Researchers link bacterial strain in animal gut to maternal behaviour

Findings provide ‘more evidence that there is a gut-brain connection’

A bacterial strain, when present in the gut, causes mothers to neglect their offspring, new research in mice has found.

The findings, published in Science Advances, showed that a specific bacterial strain in the gut affects maternal behaviour.

"The study found that when a specific strain of E. coli was grown in the guts of female mice, it caused them to neglect their offspring," explains Prof Martina Wallace, UCD School of Agriculture and Food Science, who participated in the research.

“It gives more evidence that there is a gut-brain connection and this is important during all stages of life,” says Wallace who conducted the research while at the University of California, San Diego.

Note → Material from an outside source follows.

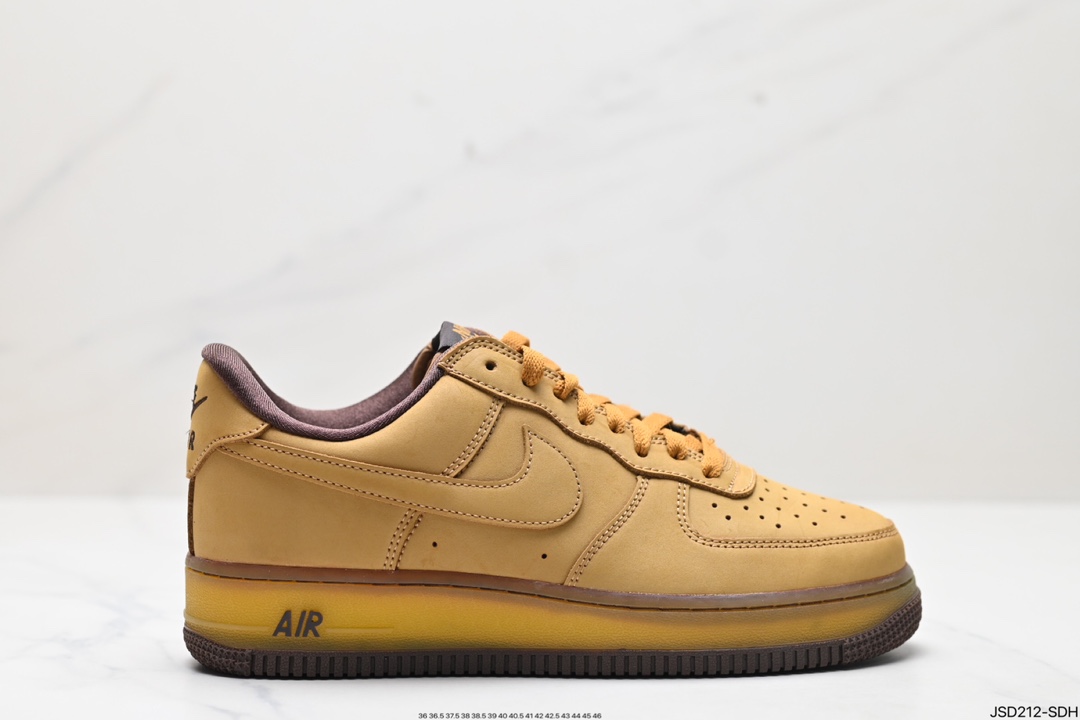 Air Jordan Force 1 Scarpe Air Jordan Top bassi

“We developed a method to determine how much milk the pups were consuming from the dams. We found that pups from mothers with this E. coli strain were consuming less milk,’ Wallace adds.

Prof Janelle Ayres, head of the Salk Molecular and Systems Physiology Laboratory in San Diego, led the research effort.

Maternal behaviour

“To our knowledge, this is the first demonstration that the intestinal microbiota is important for promoting healthy maternal behaviour and bonding between mom and offspring in an animal model,” Ayres adds.

“It adds to the ever-growing evidence that there’s a gut-brain connection, and that microbes are important for regulating the behaviour of the host that they’re inhabiting,” she believes.

The bacteria that inhabit the gut – which are collectively known as microbiota – has been linked with depression, anxiety and autism.

However, it has proven difficult for scientists to make a direct link between strains of bacteria and specific types of behaviour.

Ayres and her team investigated groups of mice that each had a particular strain of E.coli bacteria present in their gut.

It was found that mice with a strain called O16:H48 MG1655 mothered offspring that showed stunted growth.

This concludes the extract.